Cardiac magnetic resonance imaging (MRI) is a vital tool for diagnosing pediatric cardiac conditions, providing detailed tissue characterization and quantitative functional analysis without the ionizing radiation harmful to children [1‐5]. Temporary transvenous pacing stabilizes heart rhythm in patients with unstable arrhythmias, but its use during MRI is complex due to potential interactions between the magnetic field and pacing devices [2, 4]. This technique has been documented in adults, with a 44-patient series demonstrating its feasibility and safety under strict protocols [2]. Its use in pediatric literature is limited, potentially due to fewer pediatric patients requiring MRI during temporary pacing, although technical and safety concerns related to smaller anatomies and limited pediatric-specific data may also contribute [1, 3]. This report illustrates the integration of temporary externalized pacing with MRI for pediatric cardiac patients, offering a novel approach to diagnostic imaging in this population [6, 7].
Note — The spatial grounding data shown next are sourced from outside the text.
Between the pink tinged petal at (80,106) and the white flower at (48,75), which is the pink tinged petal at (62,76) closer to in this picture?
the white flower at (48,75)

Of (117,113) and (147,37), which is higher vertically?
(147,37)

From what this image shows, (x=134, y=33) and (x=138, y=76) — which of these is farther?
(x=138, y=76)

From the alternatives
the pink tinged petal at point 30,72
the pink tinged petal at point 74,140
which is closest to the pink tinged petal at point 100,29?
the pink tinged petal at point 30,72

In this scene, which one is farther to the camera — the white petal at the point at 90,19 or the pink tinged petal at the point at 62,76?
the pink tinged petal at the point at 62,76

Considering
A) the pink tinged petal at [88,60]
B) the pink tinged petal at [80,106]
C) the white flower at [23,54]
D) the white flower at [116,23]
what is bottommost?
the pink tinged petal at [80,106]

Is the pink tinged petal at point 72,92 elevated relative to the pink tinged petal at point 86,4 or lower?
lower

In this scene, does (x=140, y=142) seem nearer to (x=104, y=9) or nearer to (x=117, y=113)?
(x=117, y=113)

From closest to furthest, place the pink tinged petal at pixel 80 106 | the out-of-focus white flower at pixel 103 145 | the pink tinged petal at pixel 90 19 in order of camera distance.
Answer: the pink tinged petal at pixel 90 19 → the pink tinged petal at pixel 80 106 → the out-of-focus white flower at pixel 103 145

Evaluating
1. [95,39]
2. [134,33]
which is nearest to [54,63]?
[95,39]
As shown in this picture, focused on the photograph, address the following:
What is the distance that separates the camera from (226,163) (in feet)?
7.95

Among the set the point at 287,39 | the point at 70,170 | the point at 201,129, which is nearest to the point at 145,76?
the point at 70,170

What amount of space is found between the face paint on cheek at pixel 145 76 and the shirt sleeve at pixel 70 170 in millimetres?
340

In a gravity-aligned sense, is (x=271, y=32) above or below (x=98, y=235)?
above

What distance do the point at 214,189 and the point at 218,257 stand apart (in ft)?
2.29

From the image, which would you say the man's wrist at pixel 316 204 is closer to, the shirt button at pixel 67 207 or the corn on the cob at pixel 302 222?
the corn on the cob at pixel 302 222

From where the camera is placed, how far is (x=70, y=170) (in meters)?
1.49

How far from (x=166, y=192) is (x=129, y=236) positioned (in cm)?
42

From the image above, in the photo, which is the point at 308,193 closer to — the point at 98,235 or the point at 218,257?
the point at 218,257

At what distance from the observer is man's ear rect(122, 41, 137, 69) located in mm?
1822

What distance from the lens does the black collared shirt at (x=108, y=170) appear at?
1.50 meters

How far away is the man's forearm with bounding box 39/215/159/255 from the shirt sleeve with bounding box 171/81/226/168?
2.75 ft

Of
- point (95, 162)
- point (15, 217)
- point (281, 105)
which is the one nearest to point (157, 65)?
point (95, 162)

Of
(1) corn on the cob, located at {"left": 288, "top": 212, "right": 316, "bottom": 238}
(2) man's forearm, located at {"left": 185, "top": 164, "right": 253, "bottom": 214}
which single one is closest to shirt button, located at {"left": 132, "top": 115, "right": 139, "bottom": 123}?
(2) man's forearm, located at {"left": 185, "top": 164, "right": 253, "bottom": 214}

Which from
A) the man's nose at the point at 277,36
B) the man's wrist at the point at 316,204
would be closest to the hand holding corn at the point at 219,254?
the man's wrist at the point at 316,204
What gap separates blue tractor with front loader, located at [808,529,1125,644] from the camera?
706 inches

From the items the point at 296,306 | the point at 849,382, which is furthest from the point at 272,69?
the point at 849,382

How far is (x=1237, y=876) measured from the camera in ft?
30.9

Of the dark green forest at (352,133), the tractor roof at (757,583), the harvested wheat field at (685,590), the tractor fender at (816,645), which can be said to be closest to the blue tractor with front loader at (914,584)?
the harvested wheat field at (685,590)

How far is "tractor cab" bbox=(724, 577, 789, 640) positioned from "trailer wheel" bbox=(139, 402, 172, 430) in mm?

This case was deemed exempt by the Institutional Review Board (IRB) and parental consent was obtained for anonymized data publication. A 6-year-old female presented with bradycardia secondary to type II Mobitz and intermittent complete heart block. Initial evaluation included laboratory tests that showed elevated inflammatory markers (CRP 5.6 mg/L, ESR 63 mm/h) and troponin T levels (peaking at 39 ng/L on day 3). Mild metabolic acidosis was evident (total CO₂ of 14 mmol/L). Infectious causes, such as Lyme disease and influenza, which are common etiologies for acute heart block in children, were investigated but ruled out through serologic testing [3]. Initial echocardiography confirmed bradycardia without structural abnormalities. An abdominal ultrasound ruled out systemic causes such as hepatic or renal pathology, but the etiology of the conduction abnormalities remained unclear. A temporary transvenous pacing lead was placed under fluoroscopic guidance to stabilize the patient for advanced imaging (Fig. 1) [6]. Cardiac MRI was performed to evaluate potential structural and inflammatory causes of AV block (see Fig. 2 for representative MRI images) [5]. There was no significant artifact related to the generator or transvenous lead. Imaging ruled out myocarditis and structural defects but identified a mildly reduced left ventricular ejection fraction (LVEF; 45%), suggesting primary conduction system involvement [5]. Her diagnosis remains non-specific but is classified as mitochondrial DNA-deletion syndrome. These findings guided further management, including genetic testing and permanent pacemaker implantation due to persistent heart block [3, 8].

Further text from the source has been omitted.